— Recorded data —

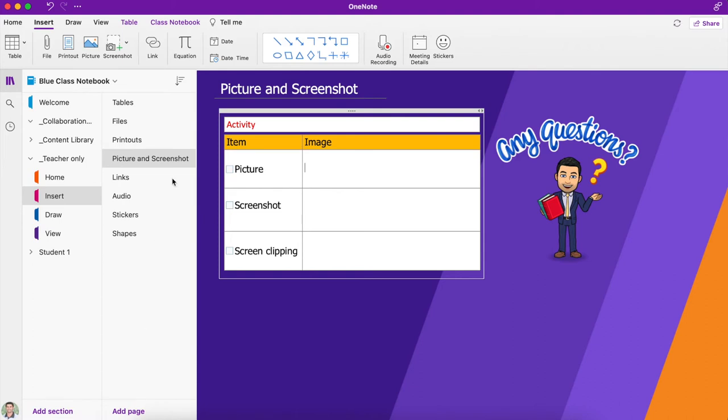In this video, we're going to have a go at inserting pictures and screenshots. First of all, what I'm going to do is a picture.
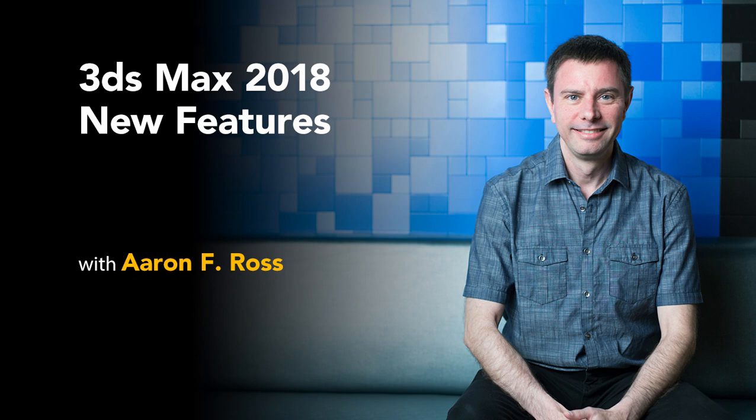Hello, I'm Aaron F. Ross, and I'd like to welcome you to 3ds Max 2018 New Features.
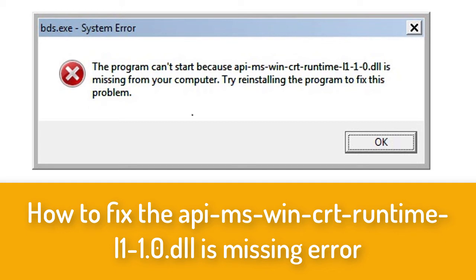Hello everyone, welcome to this channel. Today I'm going to show you how to fix this system error.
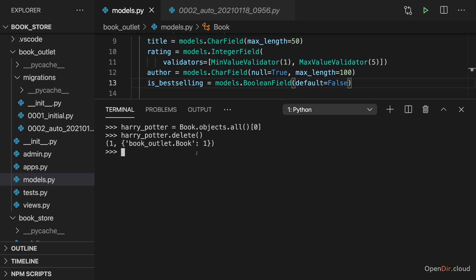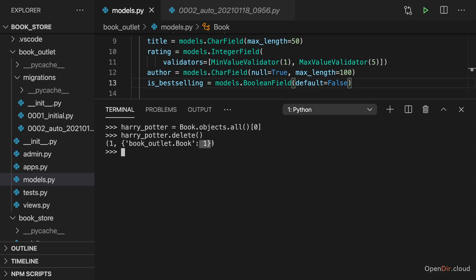And then you get back some response from Django where it actually tells you how many items were deleted and for which model those deletions were. And here you see one item was deleted in total and that was this one deletion for the book model.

— Assignment —
The result should be a word-for-word restatement of all the data, without images.

— Exercise output —
In this video, we're going to have a go at inserting pictures and screenshots. First of all, what I'm going to do is a picture.
Hello, I'm Aaron F. Ross, and I'd like to welcome you to 3ds Max 2018 New Features.
Hello everyone, welcome to this channel. Today I'm going to show you how to fix this system error.
And then you get back some response from Django where it actually tells you how many items were deleted and for which model those deletions were. And here you see one item was deleted in total and that was this one deletion for the book model.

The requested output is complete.